The conversation on Reddit homes in on the way the poem is pronounced, rather than its political meaning. “It sounds like a medley of Scottish, Dutch, German and English to me,” wrote one. “To me it sounds like the Spanish Ambassador from Blackadder,” said another.

“They’re exclusively focused on how we know what Middle English sounded like,” notes Sobecki, who says a huge body of research makes it possible to recreate the sounds with relative accuracy. “It seems that there are a lot of people outside academia who take an interest in that, and that’s big news to me.”

(Yes, I just repeated the entire article, techno-parrot that I am.) The video is now up to nearly 130,000 views — keeping in mind that YouTube counts every time someone started playing the video as a view, regardless of whether they finished watching. Still, for less than a week, that’s extremely impressive, and suggests to me that contemporary poets and poetry-filmmakers shouldn’t worry about a poem being too weird or obscure to capture the public imagination.

The article refers to this as a viral video, but it’s worth asking whether any poetry video can truly be said to have gone viral yet. According to a Wikipedia article on viral videos,

There isn’t exactly a set rule for how many “views” constitute a video “going viral”. In a recent blog post, YouTube personality Kevin Nalty, aka Nalts, asks the question “How many views do you need to be viral?” In 2011 he said, “A few years ago, a video could be considered “viral” if it hit a million views.” But Nalts updated that definition. He said, “A video, I submit, is “viral” if it gets more than 5 million views in a 3-7 day period.”

Four-year-old whose Billy Collins recitation went viral on YouTube meets Collins, gets on NPR

Listen to (or read the transcript for) “Love Of Words Brings Child, Poet Together” by Ted Robbins for All Things Considered.

If you missed the video, I posted it back on August 24, just around the time it was beginning to go viral, along with another video of Collins himself reading the same poem (“Litany”). The boy, Samuel Chelpka, was 3 at the time the recording was made. Collins discovered the video and wrote them a note of appreciation, and last weekend they had a chance to meet. NPR was there.

“You’ve probably had that experience where you’ve read a poem and you don’t feel like you know what it quote means, yet you still enjoy it,” Christopher Chelpka said. “There’s something about the rhythm and the images that sparks your imagination.”

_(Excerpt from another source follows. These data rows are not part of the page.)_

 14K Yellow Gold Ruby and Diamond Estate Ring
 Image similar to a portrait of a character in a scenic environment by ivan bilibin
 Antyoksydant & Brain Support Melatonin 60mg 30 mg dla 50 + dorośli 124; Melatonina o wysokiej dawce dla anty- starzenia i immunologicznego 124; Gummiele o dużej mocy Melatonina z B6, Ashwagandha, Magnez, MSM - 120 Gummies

“He loves words,” Della Chelpka said. “He loves saying them and hearing them in many different forms.”

For all his sophistication, Samuel is still learning the basics of language. He grabbed an alphabet picture book off the shelf and handed it to the former poet laureate to read to him.

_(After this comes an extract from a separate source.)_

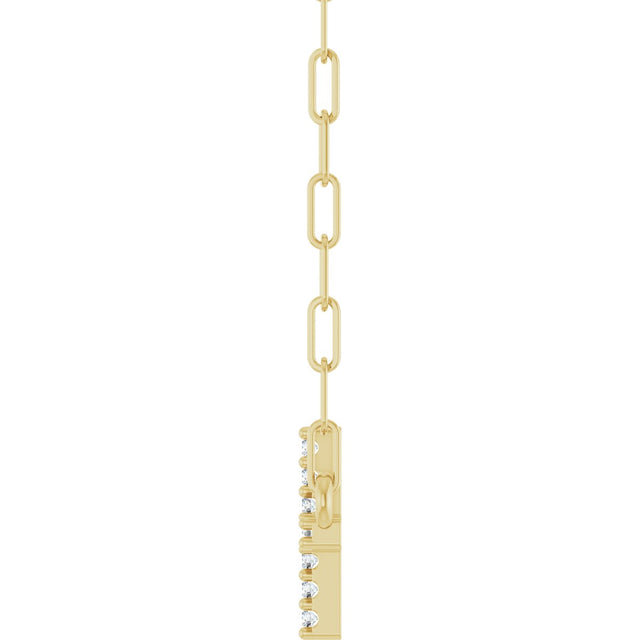 14K Gold Round Natural Diamond Accented Sideways Cross Necklace – 19.3x10.8mm - Yellow Gold - view 3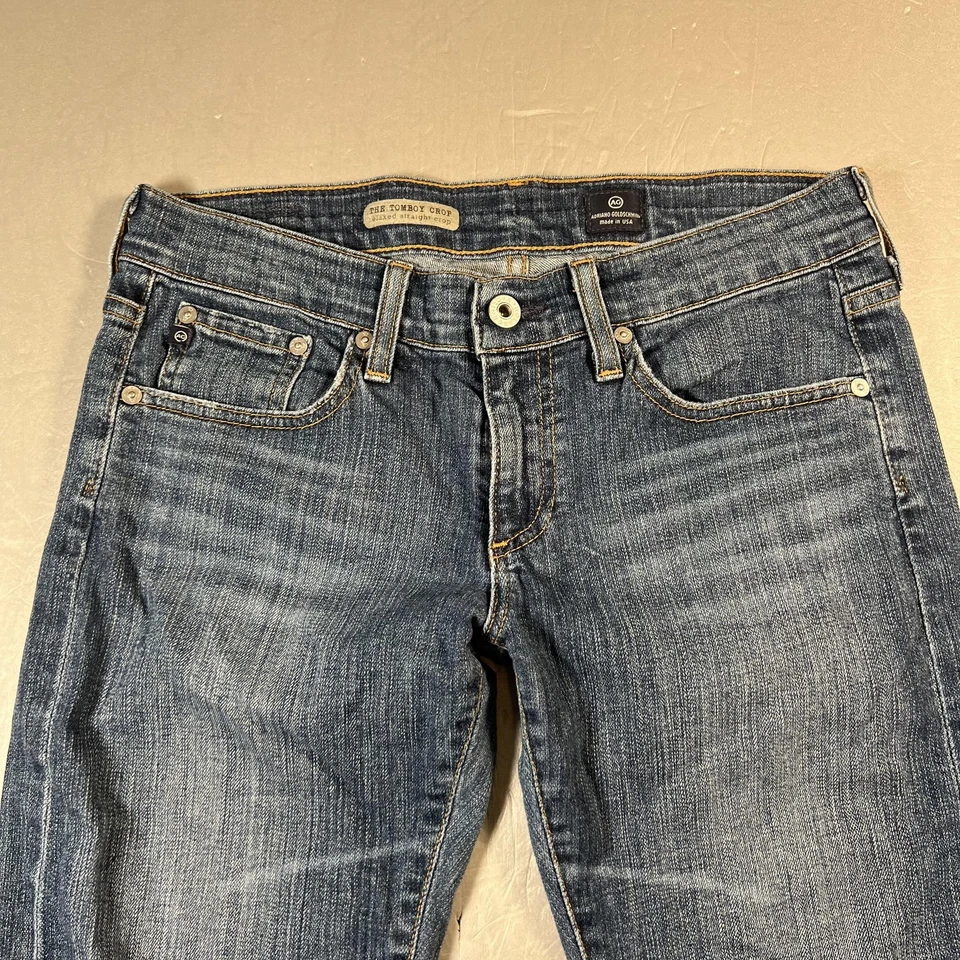 Jeans feminino AG Adriano Goldschmied 27 azul Tomboy crop jeans reto relaxado - Imagem 2 de 4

In a few years, Samuel may not even remember this meeting, but Collins will.

“It’s just an astounding realization of how a poem can travel away from your desk, away from the room you wrote it in and find its way into all these corners of life, and find its way into the mind of a 3-year-old child,” Collins said. “[It’s] just very moving.”

There was a lengthy discussion about this on the Women’s Poetry listserv in early September, with some people saying they found the video creepy or disquieting, but I felt then and continue to feel it’s nothing but wonderful, and might encourage other parents to inculcate a love of poetry in their kids. I see videos like this from proud Chinese parents all the time — apparently there’s nothing at all unusual about training three-year-olds to memorize and recite what must be, to them, completely incomprehensible poems from the Tang Dynasty. This is part of what it takes to maintain a vibrant poetry culture, something we haven’t really had for a very long time.

Anyway, I’m glad to see a poetry video being given attention in NPR’s flagship program, and I salute Mr. Collins for embracing the remix culture and being so supportive of other people envideoing his work.